(About this task): Return every line from the records below with the string "Gallery".

(Saved data entries):
- - - - - - -
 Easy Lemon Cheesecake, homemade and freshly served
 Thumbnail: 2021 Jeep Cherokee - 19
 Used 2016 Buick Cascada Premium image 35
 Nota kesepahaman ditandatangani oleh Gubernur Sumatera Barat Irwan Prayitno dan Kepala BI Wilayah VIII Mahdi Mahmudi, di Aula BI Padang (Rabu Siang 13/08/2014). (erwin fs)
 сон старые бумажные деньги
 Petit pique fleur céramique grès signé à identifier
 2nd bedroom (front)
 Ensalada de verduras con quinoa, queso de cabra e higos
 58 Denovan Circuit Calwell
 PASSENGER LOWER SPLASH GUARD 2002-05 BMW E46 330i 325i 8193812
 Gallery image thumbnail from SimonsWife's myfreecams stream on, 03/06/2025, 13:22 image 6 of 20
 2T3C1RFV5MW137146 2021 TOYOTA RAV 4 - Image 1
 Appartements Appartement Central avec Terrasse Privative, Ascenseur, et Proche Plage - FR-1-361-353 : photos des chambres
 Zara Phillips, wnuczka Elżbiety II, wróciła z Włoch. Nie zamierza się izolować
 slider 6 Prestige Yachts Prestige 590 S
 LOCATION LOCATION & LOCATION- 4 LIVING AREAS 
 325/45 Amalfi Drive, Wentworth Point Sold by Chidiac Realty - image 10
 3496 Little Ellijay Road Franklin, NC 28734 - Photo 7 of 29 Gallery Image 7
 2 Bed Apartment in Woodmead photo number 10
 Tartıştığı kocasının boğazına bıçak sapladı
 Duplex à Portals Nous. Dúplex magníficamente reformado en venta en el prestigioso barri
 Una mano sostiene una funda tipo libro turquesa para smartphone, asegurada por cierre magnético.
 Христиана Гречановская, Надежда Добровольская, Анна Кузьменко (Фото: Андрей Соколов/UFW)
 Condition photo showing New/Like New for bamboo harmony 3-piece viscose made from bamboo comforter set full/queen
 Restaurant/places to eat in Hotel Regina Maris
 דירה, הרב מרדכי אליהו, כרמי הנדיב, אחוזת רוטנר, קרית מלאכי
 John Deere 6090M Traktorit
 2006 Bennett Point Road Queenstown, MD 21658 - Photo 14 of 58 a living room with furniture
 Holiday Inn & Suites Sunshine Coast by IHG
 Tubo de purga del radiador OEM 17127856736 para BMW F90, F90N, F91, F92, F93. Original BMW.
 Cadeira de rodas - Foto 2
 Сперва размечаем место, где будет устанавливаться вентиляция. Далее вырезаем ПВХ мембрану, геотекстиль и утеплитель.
- - - - - - -
(Exercise response):
 Gallery image thumbnail from SimonsWife's myfreecams stream on, 03/06/2025, 13:22 image 6 of 20
 3496 Little Ellijay Road Franklin, NC 28734 - Photo 7 of 29 Gallery Image 7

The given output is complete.